One of the first things we did with our new presidency that started just six months ago was put together a team that’s been working on a master plan, if you will, of our workforce-development strategies, focusing particularly on the 20 sites outside of Flagstaff and their local economies and emerging workforce needs. We’re particularly concerned with the fact that we’re seeing thousands of new jobs coming into Arizona but we’re still 49th out of 50th in educational attainment. If we want Arizonans to get access to these great jobs that are coming in, we need to really figure out how to organize our academic programing across the state in ways that will position residents for these new jobs in short order. So, that means really having an understanding of where the opportunities are for our workforce development and where the skill gaps are and how our programs can come in and fill that that gap. That means bachelor’s degrees, master’s and doctorates, but also short-term credentials. That will help accelerate progress in these communities.
Are there any current relationships with employers that you would want to replicate or model others based on?

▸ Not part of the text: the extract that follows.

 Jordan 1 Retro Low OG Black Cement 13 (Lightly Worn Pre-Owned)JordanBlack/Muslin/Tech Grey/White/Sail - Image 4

I’m thinking about prior experiences, having been here just for a short while. At the City University of New York, one of the projects I was involved with is the New York CEO Council, we brought 27 CEOs, led by Jamie Dimon from JPMorgan Chase, together to make a bold pledge of 100,000 new jobs in New York City by the year 2030. They then worked directly with the City University of New York to look at a forecast of where those jobs would be and where the (educational) gaps were. We put in place the people and the processes that would allow us to ensure that graduates from CUNY had a clear pathway to these new jobs that were being created across the city. That sort of convening of employers, taking an inventory and doing a gap analysis and then putting action behind it is something that we’re looking to do here in Arizona.

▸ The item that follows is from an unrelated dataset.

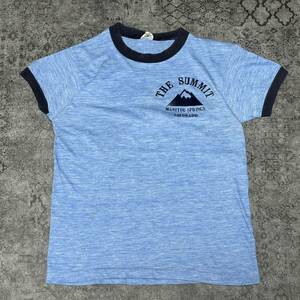 USA製 70s 80s リンガー Tシャツ 半袖 ブルー 水色 70年代 80年代 ヴィンテージ ビンテージ vintage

What do you see in store over the next few years for your online operations?
The pandemic has certainly accelerated the faculty and staff’s ability to embrace online as a means of successful and effective pedagogy. We’re looking for ways in which we can expand those programs. And, as I said earlier, also figure out a way to accelerate our offerings in credentials and certificates that have market value that will help not only target recent high school grads, but also their parents. The only way that we can really elevate the educational attainment in Arizona is by focusing not only on the 18-to-22-year-olds, but also focusing on the adult workforce to ensure that they have the skills needed to get those higher-paying jobs that are coming. So, we will be looking at how we can take the learnings from the past couple of years in terms of online delivery and support services and expanding them into new workforce-development areas. There’s also new opportunities for us to consider executive graduate certificates.
What are your top priorities moving into 2022?

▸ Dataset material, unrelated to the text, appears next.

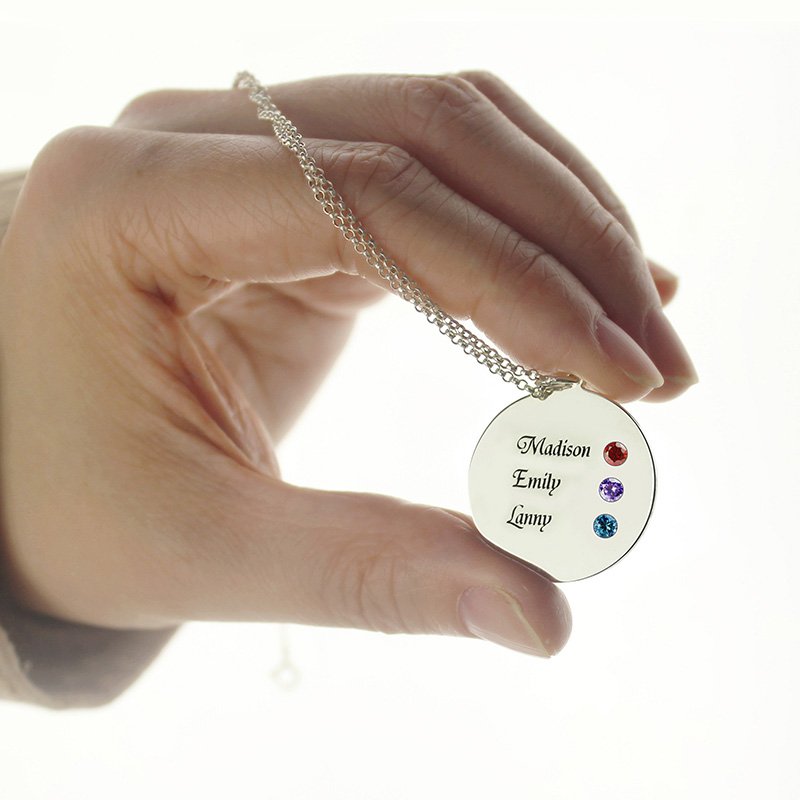 Family Tree Birthstone Pendant Personalised family tree birthstone pendant necklace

The spring will be the culmination of a transition year into a new presidency. We hope to have a clear vision for the future with our new strategic roadmap. We hope to have new investments in place and new revenue sources that will allow us to power those strategies forward. And we hope that by the end of that semester, we’ll be at a place where our enrollments will be projected to increase into the fall. Also, (we intend for) equitable policies and practices that are needed to propel students forward are in a place where we have a lot of momentum behind us.